A court terme, les tensions sur les marchés devraient se poursuivre avec une succession d'épisodes positifs et négatifs. Sur les marchés obligataires, les rendements souverains devraient rester orientés à la hausse. Aux États-Unis, la Fed devrait maintenir la pression sur sa politique monétaire malgré une détérioration de la croissance économique, et le début du resserrement quantitatif ajoutera une pression supplémentaire à la vente sur les bons du Trésor américains. En Europe, la hausse de l'inflation n'est probablement pas terminée. La crise énergétique devrait atteindre son paroxysme au début de l'hiver avec d'éventuelles restrictions. La BCE est contrainte de rattraper le retard pris ces derniers mois et la hausse des taux courts devrait accélérer. Sur les marchés d’actions, les perspectives fondamentales sont orientées à la baisse (lentement aux Etats-Unis, plus nettement en Europe). Quelques entreprises commencent à faire des avertissements sur résultats, arguant soit une hausse des coûts supérieure aux attentes, soit une pénurie d’approvisionnement en biens de production. Seul le faible positionnement des investisseurs pourrait permettre, par à-coups, de faire avancer temporairement le marché.

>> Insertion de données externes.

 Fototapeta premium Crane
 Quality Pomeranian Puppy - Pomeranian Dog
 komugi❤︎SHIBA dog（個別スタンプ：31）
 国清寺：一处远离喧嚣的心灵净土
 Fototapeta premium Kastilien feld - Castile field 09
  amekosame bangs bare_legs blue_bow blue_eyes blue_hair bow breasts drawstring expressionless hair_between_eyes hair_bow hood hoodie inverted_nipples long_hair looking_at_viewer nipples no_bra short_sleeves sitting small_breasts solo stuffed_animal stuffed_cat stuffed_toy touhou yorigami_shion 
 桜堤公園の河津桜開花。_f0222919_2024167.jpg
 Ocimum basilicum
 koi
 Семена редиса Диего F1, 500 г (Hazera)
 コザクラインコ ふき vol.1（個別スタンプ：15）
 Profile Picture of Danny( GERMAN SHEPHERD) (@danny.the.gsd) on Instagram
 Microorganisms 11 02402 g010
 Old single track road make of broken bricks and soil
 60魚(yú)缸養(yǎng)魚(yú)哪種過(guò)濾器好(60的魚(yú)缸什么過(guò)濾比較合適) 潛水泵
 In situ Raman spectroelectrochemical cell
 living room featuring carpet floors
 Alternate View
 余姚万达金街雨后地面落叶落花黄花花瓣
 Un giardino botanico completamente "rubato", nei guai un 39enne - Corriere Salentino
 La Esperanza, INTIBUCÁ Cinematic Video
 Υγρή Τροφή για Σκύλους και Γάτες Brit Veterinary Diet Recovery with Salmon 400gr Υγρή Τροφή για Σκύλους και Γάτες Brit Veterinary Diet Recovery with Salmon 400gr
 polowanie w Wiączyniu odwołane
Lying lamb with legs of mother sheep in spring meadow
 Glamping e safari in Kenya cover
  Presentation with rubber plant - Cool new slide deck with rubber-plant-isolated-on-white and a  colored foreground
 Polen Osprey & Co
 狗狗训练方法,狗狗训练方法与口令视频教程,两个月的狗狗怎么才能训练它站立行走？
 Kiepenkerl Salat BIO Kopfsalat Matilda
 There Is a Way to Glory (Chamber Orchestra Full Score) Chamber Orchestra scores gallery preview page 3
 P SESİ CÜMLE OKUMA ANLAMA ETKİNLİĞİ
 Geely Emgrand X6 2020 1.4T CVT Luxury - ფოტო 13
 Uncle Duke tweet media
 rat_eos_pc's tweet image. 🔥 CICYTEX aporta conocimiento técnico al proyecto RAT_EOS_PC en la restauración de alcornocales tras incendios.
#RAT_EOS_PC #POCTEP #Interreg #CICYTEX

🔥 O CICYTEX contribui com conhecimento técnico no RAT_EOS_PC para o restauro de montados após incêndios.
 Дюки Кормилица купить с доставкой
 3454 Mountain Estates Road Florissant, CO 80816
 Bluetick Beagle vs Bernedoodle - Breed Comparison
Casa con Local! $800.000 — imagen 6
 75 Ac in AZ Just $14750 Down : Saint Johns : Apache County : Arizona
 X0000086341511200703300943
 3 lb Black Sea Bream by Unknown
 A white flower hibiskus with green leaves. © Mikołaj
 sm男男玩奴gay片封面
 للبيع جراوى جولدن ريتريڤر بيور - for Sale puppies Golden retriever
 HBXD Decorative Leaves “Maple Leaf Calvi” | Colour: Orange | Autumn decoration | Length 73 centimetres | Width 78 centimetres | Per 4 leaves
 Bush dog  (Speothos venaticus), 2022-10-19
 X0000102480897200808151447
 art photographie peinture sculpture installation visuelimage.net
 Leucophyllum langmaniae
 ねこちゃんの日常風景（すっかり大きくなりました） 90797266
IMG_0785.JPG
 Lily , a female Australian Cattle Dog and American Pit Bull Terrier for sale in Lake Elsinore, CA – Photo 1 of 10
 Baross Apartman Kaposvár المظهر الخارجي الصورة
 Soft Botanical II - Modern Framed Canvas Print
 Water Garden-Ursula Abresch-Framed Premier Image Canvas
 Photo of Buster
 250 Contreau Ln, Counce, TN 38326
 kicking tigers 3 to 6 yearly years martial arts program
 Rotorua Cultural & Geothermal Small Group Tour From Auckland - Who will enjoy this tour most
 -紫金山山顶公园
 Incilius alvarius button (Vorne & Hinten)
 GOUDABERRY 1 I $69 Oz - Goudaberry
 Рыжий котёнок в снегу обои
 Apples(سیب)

A moyen terme, la probabilité de récession mondiale va s’amplifier au fur et à mesure de la hausse des taux et des prix, constituant un risque majeur sur les profits des entreprises. Dans ce contexte de hausse des taux réels, de détérioration des conditions financières et de ralentissement économique, les analystes devraient être contraints de réviser à la baisse leurs prévisions de bénéfices, accentuant le retournement des multiples. Un ajustement des indices actions de 20% à 30% en moyenne est hautement probable. La technique rejoint le fondamental dans une perspective de 3 à 6 mois. Sur le plan chartiste, la cassure récente de niveaux techniques majeurs envoie des signaux de grande prudence : baissier actions ; haussier taux & dollar.

Les performances passées ne permettent pas de présager des performances futures.